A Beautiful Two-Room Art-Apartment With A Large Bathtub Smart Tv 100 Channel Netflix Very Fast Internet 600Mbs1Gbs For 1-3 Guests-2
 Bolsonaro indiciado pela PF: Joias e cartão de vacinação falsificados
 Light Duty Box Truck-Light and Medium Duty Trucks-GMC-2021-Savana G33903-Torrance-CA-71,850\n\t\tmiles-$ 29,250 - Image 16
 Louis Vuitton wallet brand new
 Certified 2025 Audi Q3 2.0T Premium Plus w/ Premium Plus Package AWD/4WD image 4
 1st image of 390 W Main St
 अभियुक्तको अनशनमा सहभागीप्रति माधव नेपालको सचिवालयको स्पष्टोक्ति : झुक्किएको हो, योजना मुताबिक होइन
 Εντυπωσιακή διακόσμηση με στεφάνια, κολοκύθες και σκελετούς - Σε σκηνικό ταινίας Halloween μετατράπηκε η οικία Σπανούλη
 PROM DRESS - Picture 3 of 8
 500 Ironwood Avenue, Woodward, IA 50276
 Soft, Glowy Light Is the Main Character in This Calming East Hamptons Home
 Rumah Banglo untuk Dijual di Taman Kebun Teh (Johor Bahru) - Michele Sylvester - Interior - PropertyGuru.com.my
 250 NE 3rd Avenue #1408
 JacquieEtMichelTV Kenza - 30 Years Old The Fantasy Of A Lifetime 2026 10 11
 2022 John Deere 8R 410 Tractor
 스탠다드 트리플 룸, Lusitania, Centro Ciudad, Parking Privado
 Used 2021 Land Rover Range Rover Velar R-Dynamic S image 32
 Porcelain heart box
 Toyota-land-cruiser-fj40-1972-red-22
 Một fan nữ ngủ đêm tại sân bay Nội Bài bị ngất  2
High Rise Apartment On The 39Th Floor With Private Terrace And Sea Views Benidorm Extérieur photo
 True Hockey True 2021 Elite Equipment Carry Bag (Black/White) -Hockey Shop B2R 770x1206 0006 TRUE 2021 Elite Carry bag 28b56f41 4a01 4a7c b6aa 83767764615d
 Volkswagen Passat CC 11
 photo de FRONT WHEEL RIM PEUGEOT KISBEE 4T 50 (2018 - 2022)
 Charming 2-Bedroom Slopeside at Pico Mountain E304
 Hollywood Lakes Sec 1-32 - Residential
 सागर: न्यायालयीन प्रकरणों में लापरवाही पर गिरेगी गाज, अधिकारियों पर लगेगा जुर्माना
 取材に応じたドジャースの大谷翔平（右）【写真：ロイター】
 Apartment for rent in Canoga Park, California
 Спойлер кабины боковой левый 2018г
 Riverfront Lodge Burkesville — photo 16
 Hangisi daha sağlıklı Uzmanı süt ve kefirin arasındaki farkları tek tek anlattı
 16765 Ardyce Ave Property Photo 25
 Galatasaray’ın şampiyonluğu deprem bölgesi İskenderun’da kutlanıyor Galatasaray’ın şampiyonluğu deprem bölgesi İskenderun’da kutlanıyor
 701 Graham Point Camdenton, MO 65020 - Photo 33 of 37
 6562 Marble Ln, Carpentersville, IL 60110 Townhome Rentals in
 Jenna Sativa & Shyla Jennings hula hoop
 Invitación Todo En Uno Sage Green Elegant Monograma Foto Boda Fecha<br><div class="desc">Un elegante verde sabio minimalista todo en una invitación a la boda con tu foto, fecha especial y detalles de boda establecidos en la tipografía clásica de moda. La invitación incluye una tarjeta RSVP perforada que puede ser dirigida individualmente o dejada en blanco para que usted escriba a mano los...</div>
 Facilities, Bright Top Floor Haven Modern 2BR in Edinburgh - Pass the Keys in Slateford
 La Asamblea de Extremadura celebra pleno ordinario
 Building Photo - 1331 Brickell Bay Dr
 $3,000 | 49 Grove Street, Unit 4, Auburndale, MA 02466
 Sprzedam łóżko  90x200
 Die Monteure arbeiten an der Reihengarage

━━━━━━━━

> _Requirement_: What is the number of lines in the material above that include the string "Light"? Give only that number.

> _Answer for the task_: 2